_Problem_
Only the lines from the start of the data below through the line that contains "Fashion Luxury Women" are to be copied, exactly and without pictures.

(Crawled caption data)
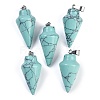 Synthetic Turquoise Gemstone Pointed Pendants G-K384-01P-03-1
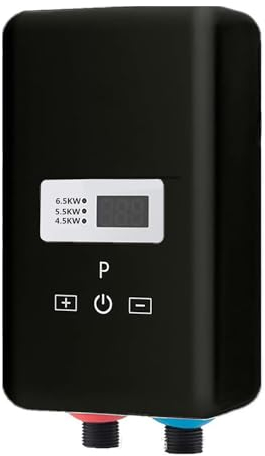 Billg Chauffe Eau Électrique 6500KW Chauffe Eau Instantané Électrique Réglable 25-80°C Chauffe-Eau Instantané IPX4 Étanche Mini Chauffe Eau sous Evier 13 * 7.6 * 24cm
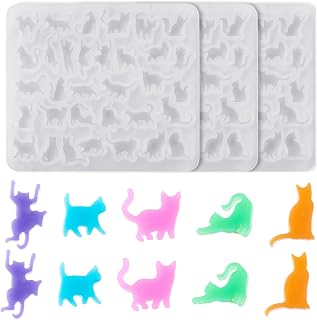 3Pcs Cat Shape Silicone Molds Cute Kitten Resin Epoxy Molds for Stud Earring Keychain Charms Pendants Handmade Jewelry Casting Mold for Cabochons DIY Craft Supplies White 0.28~0.55x0.20~0.55inch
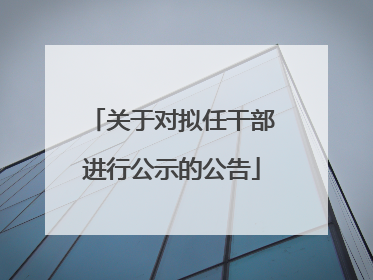 关于对拟任干部进行公示的公告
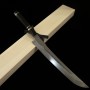 Japanisches Honyaki Sakimaru Yanagiba-Messer - NIGARA - Weißer Stahl Nr.1 - Ebenholzgriff - Größe 30cm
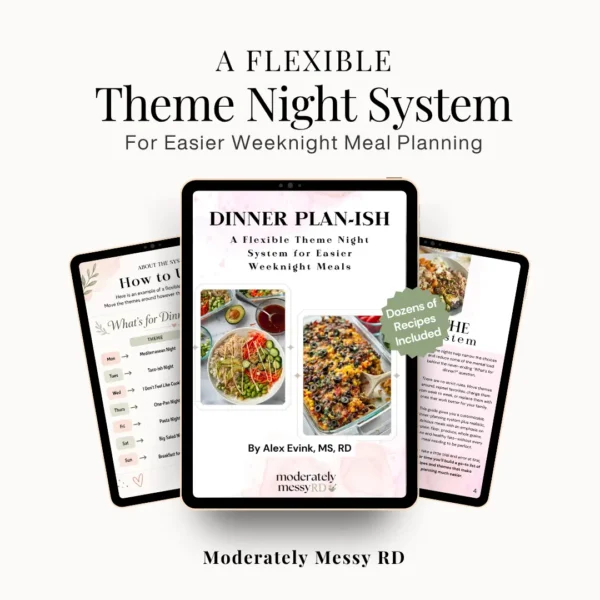 Three digital ipads showing the cover photo of the dinner plan-ish theme night meal system as well as other pages from the digital e-book.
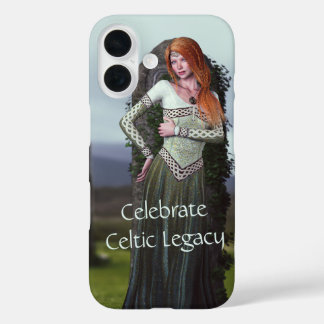 Celtic Lady Posing in Front of Ancient Stones iPhone 16 Case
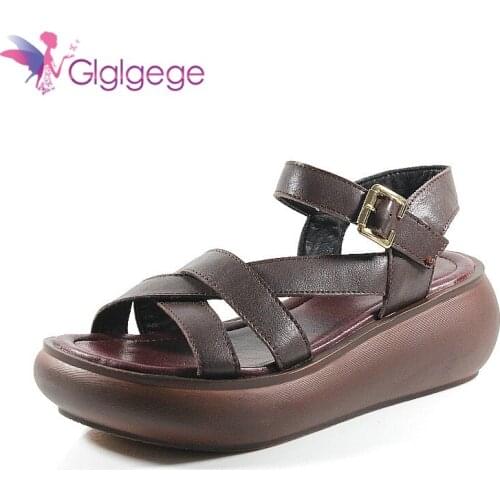 Glglgege Retro Women Sandals 2020 Wedge Platform Gladiator Sandals For Women Summer Shoes Genuine leather Mid Heel Sandal Female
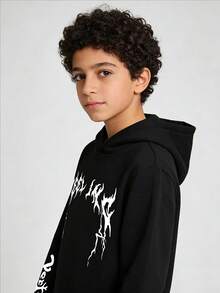 Youth Autumn/Winter Black Fashionable Versatile Bear Print Warm Sweatshirt, Fleece, Hooded, Teen Boys Gifts - Black - View 3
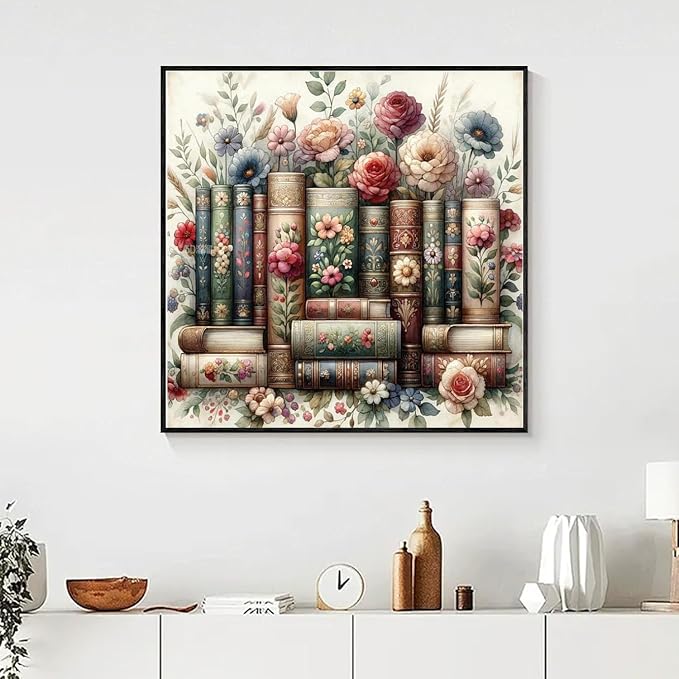 EIBEILI Diamond Art Kits for Adults-Book Flowers Diamond Painting Wall Art | - Image 4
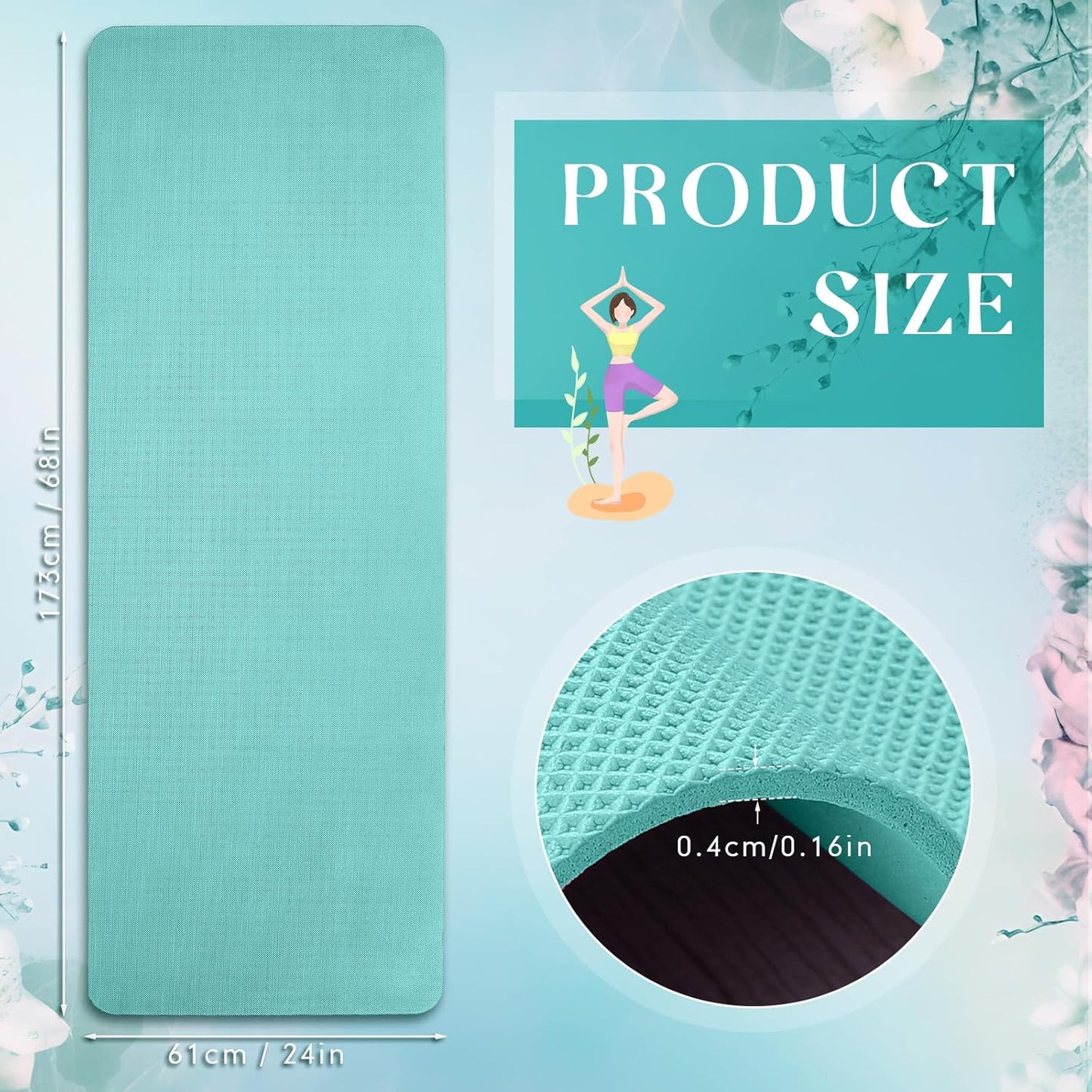 Timgle 24 Pack 68" x 24" Yoga Mat Bulk, 4mm Thick Extra Long Sports Mat Anti Slip Tear Resistant Yoga Exercise Set for Fitness Stretching Home Workout Gym and Studio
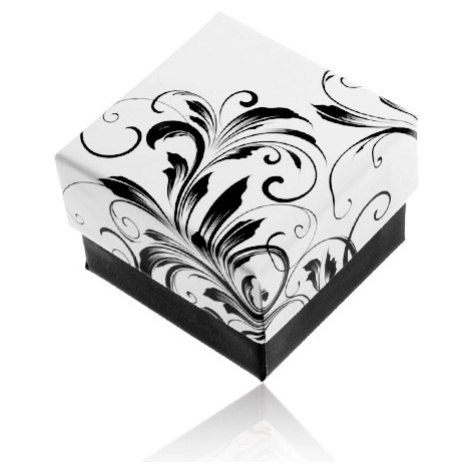 Dárková krabička na prsten, vzor popínavých listů, černobílá kombinace Šperky eshop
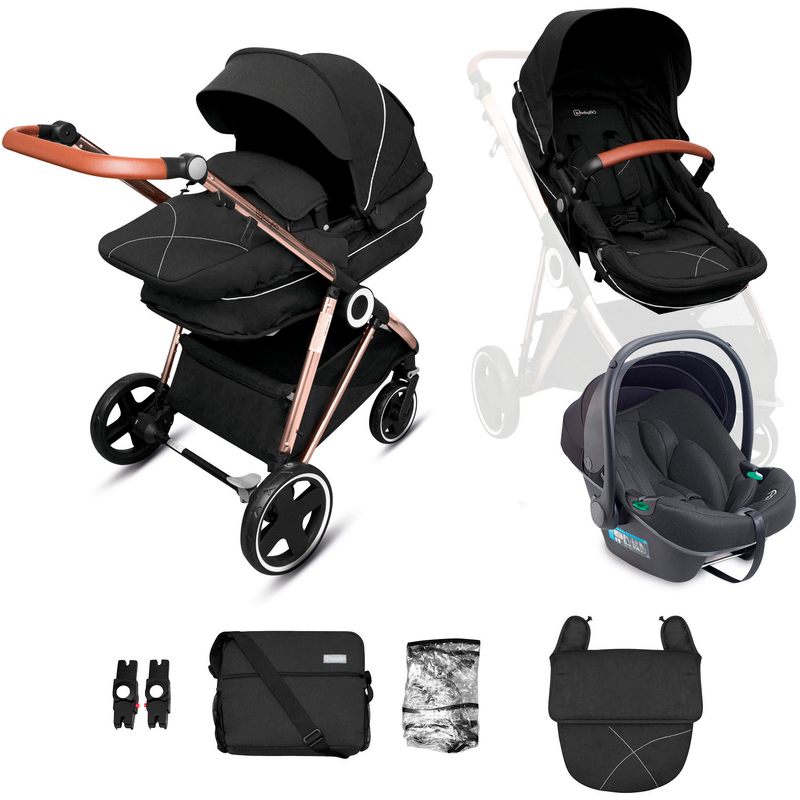 BABYGO Kombi-Kinderwagen »Halime 3in1« inklusive Babywanne, Babyschale, Regenhaube & Wickeltasche schwarz/gold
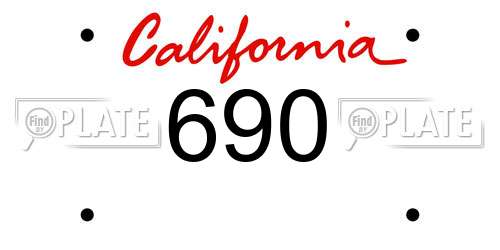 690 California License Plate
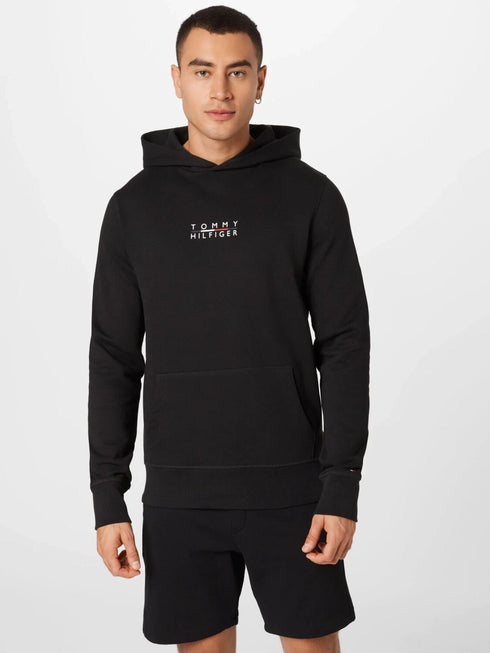 Felpa Uomo co cappuccio e logo frontale Nero TOMMY HILFIGER- Francavilla Moda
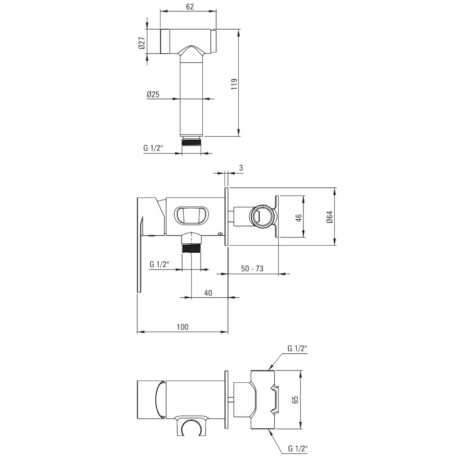 Deante Alpinia bateria bidetowa podtynkowa złota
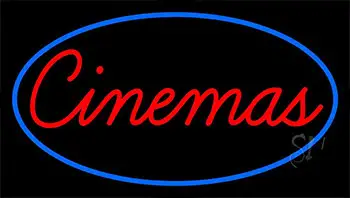 Cinemas With Blue Border LED Neon Sign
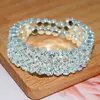 Fashion Luxury Women Multi Layers Crystal Rhinestone Bracelets Bangles Adjustable Wedding Pulseras Jewelry Girl Gifts 4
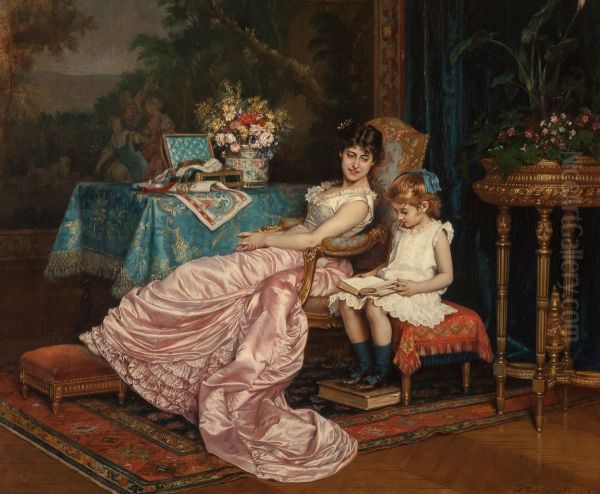 A mother and daughter reading Oil Painting by Auguste Toulmouche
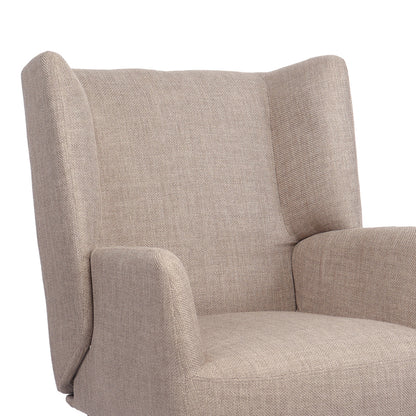 Armchair Mareta grey-beige fabric and legs in black color 83x80x99cm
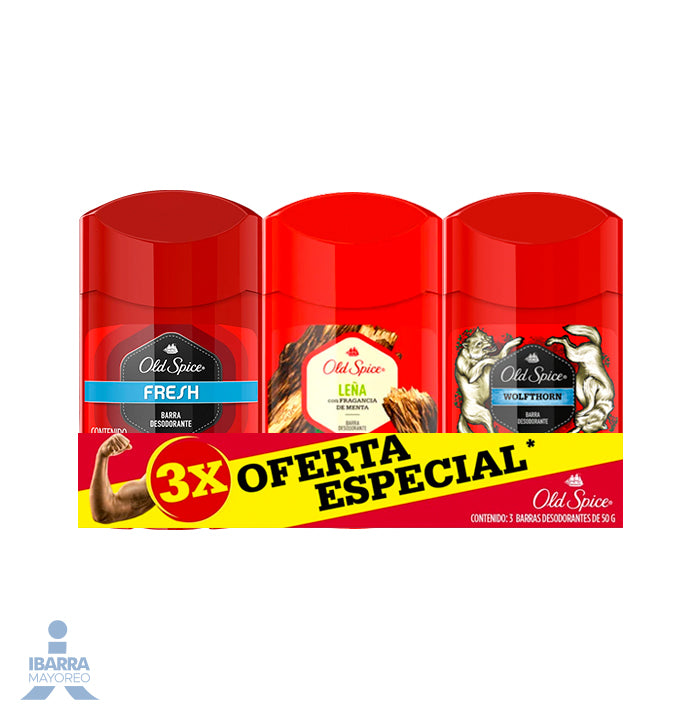 Desodorante Old Spice Mixto Barra 3 pzas.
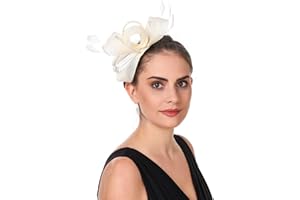 HAOJING Haoijng Fascinators Hat for Women Cocktail Tea Party Headwear Flower Mesh Ribbon Feathers Headband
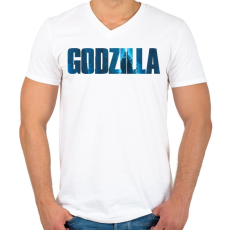 PRINTFASHION Godzi - Férfi V-nyakú póló - Fehér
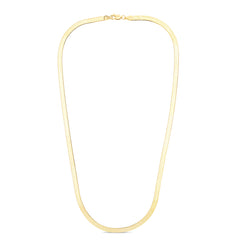 14K Yellow Gold 16 4mm Imperial Herringbone Chain with Lobster Lock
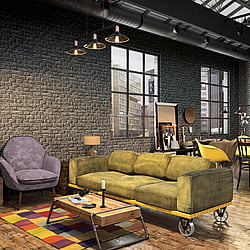 Galerie Wallcoverings Product Code 34170 - Loft 2 Wallpaper Collection - Grey Colours - Brick Texture Design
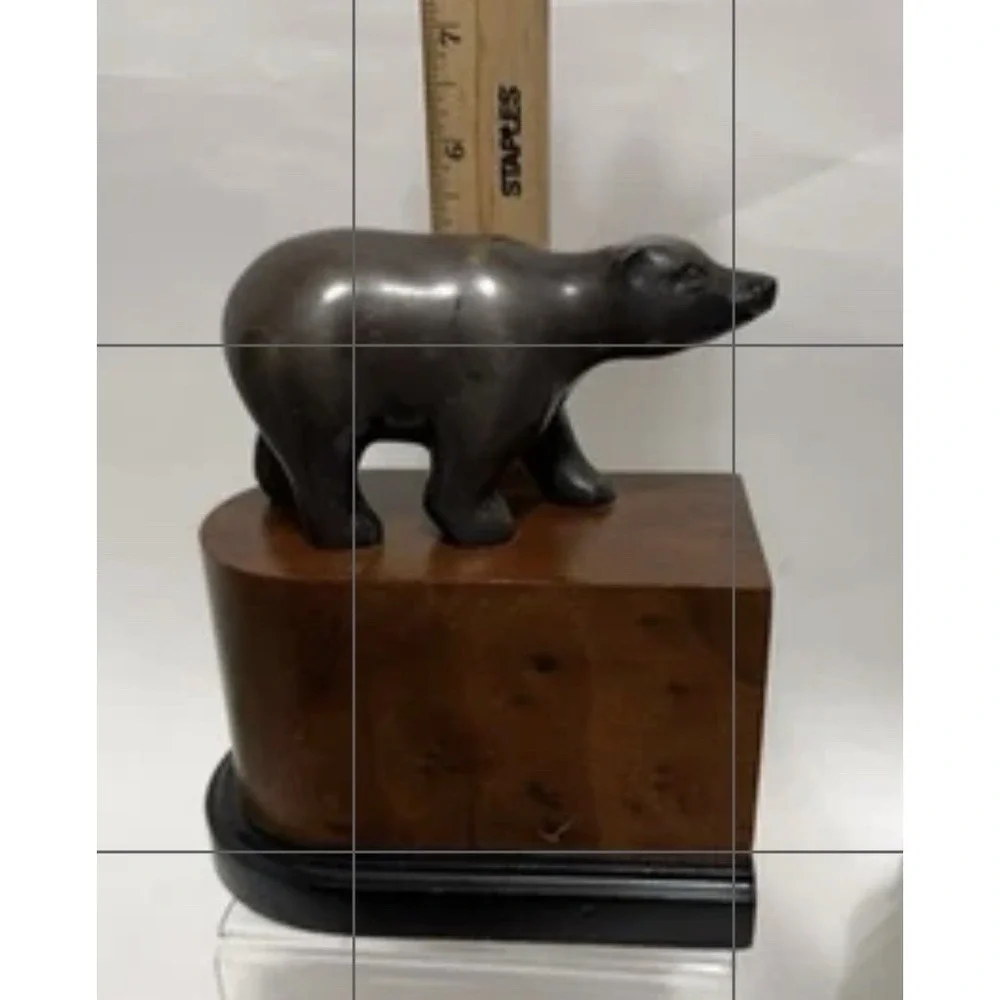 Vintage Wall Street Bookend Financial Market Office Decor Bear Side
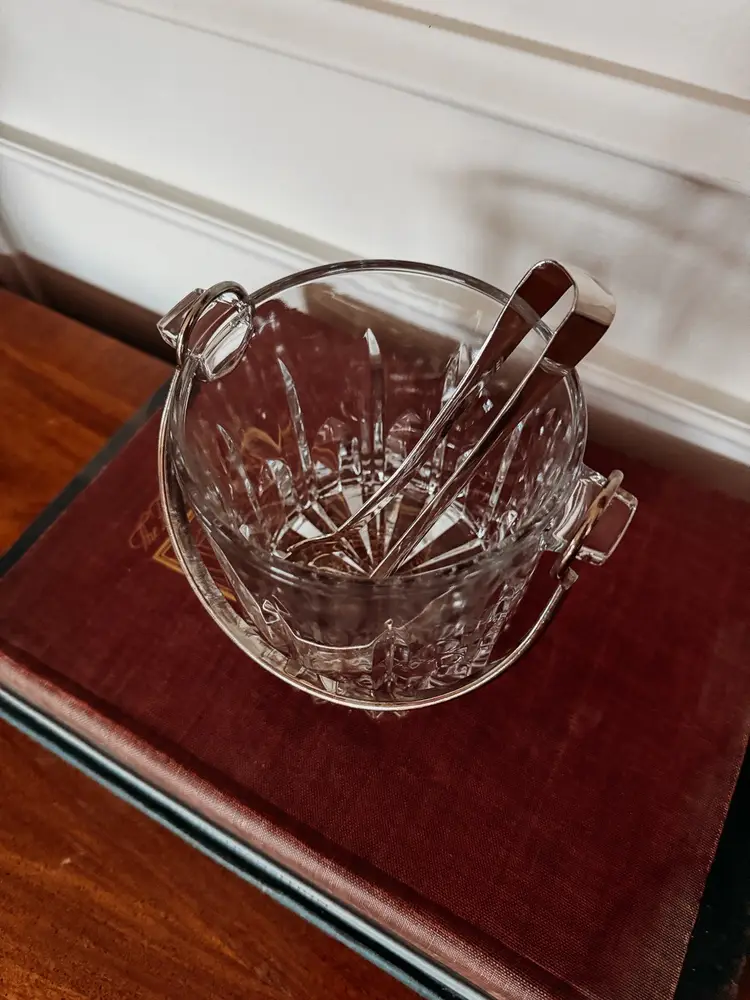 Crystal & Silver Plate Ice Bucket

_Reply_
 Synthetic Turquoise Gemstone Pointed Pendants G-K384-01P-03-1
 Billg Chauffe Eau Électrique 6500KW Chauffe Eau Instantané Électrique Réglable 25-80°C Chauffe-Eau Instantané IPX4 Étanche Mini Chauffe Eau sous Evier 13 * 7.6 * 24cm
 3Pcs Cat Shape Silicone Molds Cute Kitten Resin Epoxy Molds for Stud Earring Keychain Charms Pendants Handmade Jewelry Casting Mold for Cabochons DIY Craft Supplies White 0.28~0.55x0.20~0.55inch
 关于对拟任干部进行公示的公告
 Japanisches Honyaki Sakimaru Yanagiba-Messer - NIGARA - Weißer Stahl Nr.1 - Ebenholzgriff - Größe 30cm
 Three digital ipads showing the cover photo of the dinner plan-ish theme night meal system as well as other pages from the digital e-book.
 Celtic Lady Posing in Front of Ancient Stones iPhone 16 Case
 Glglgege Retro Women Sandals 2020 Wedge Platform Gladiator Sandals For Women Summer Shoes Genuine leather Mid Heel Sandal Female
 Youth Autumn/Winter Black Fashionable Versatile Bear Print Warm Sweatshirt, Fleece, Hooded, Teen Boys Gifts - Black - View 3
 EIBEILI Diamond Art Kits for Adults-Book Flowers Diamond Painting Wall Art | - Image 4
 Timgle 24 Pack 68" x 24" Yoga Mat Bulk, 4mm Thick Extra Long Sports Mat Anti Slip Tear Resistant Yoga Exercise Set for Fitness Stretching Home Workout Gym and Studio
 Dárková krabička na prsten, vzor popínavých listů, černobílá kombinace Šperky eshop
 BABYGO Kombi-Kinderwagen »Halime 3in1« inklusive Babywanne, Babyschale, Regenhaube & Wickeltasche schwarz/gold
 690 California License Plate
 Felpa Uomo co cappuccio e logo frontale Nero TOMMY HILFIGER- Francavilla Moda
 Deante Alpinia bateria bidetowa podtynkowa złota
 Cinemas With Blue Border LED Neon Sign
 Fashion Luxury Women Multi Layers Crystal Rhinestone Bracelets Bangles Adjustable Wedding Pulseras Jewelry Girl Gifts 4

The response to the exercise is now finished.